By Harvest ETFs
It was in 2009, when the global financial sector lay devastated by the global financial crisis, that Harvest Portfolios Group Inc. was launched with their first fund: the Harvest Banks & Buildings Income Fund. Initially a structured fund, and now a mutual fund, Banks and Buildings offered exposure to financials at a time when many investors saw the sector as radioactive.
Harvest launched that fund based on a long-term vision for quality.
Harvest’s Founder Michael Kovacs saw that the global financial sector would remain essential to our world, despite the trials and tribulations it faced in that moment. He saw, as well, that while US banks were sorting out fundamental weaknesses, Canadian banks remained solid, they were trading at a discount because of some exposure to the US subprime market and overall investor sentiments on the sector.

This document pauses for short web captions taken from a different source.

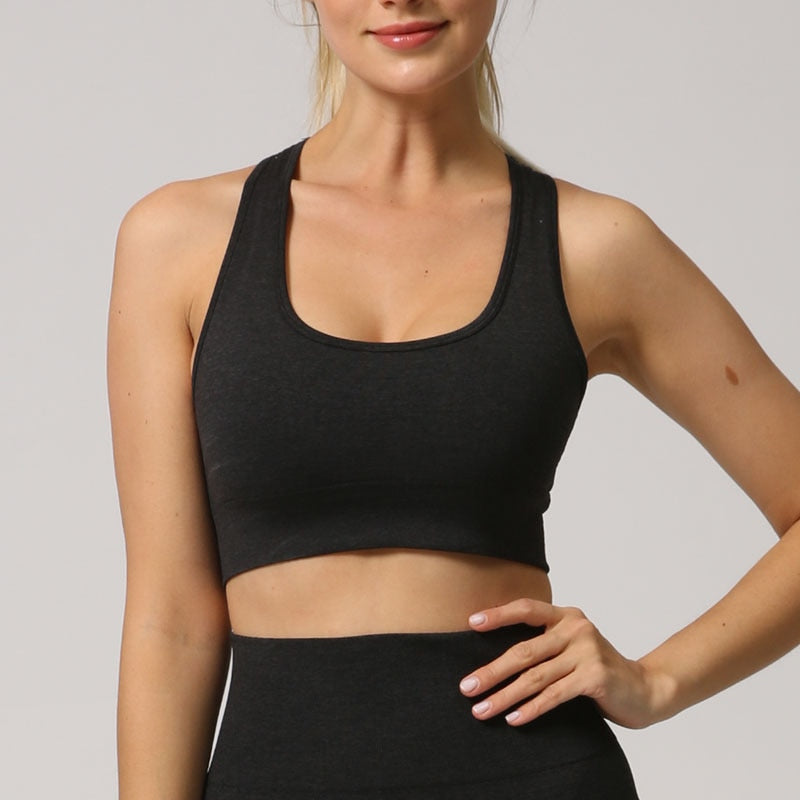 Seamless sports bra top for women in various colors, designed for high-impact workouts and comfort.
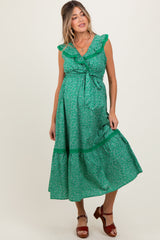 woman wearing a green floral maternity dress with ruffled sleeves and a tie waist, standing and smiling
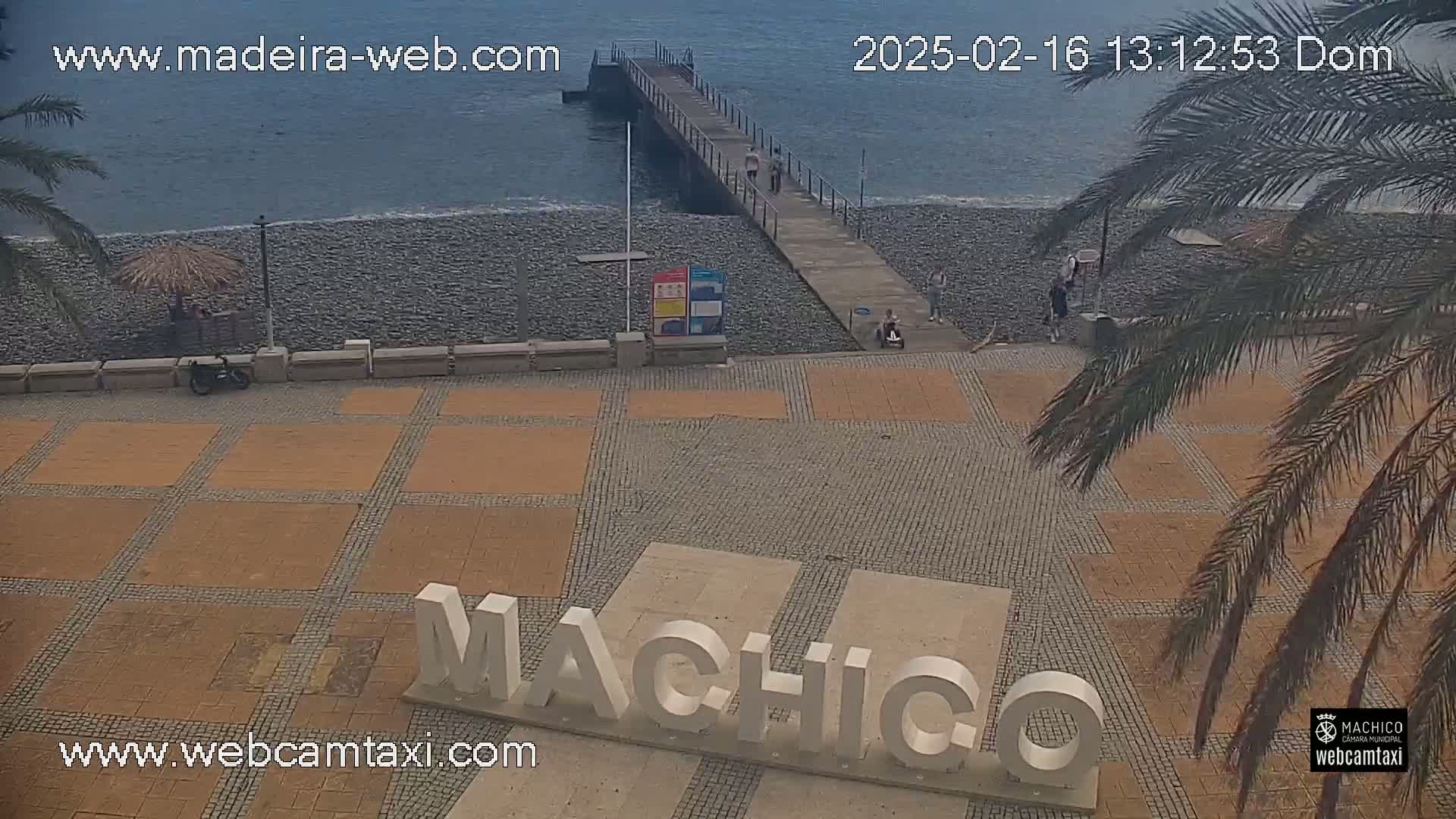 A seaside plaza with a pier, a pebble beach, and large white letters spelling out a place name, under a mostly clear sky.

“My thought at the time was, these are great institutions, they’ve been around many decades. We’ve never had a major bank bankruptcy in Canada. I felt that we had a significant mispricing at the time and there was a big opportunity in that,” said Kovacs. “The idea was, we’ve got great financials in Canada, so let’s allocate capital to Canadian financial institutions. Canada also has great real estate businesses, so let’s balance financial assets with hard assets. Both asset classes were providing very high yields, so we combined them together in a product.”
Kovacs saw a set of high-quality companies with long-term growth prospects, and his vision held true. $10,000 invested in the Harvest Banks & Buildings Income Fund at inception would be worth $30,127 at the end of January 2022. Canadian financials have gone from strength to strength, and US banks have corrected their structural mistakes to resume their place at the core of the global economy.
Seven years later, Harvest Portfolios Group launched a suite of ETFs to deliver growth and income from a wide range of industries and mega-trends. Their legacy and expertise in financials, beginning with that 2009 outlook, have been built into the Harvest US Bank Leaders Income ETF (HUBL:TSX). That ETF takes Harvest’s vision for high-quality companies with long-term growth prospects and applies it to the US Banking sector.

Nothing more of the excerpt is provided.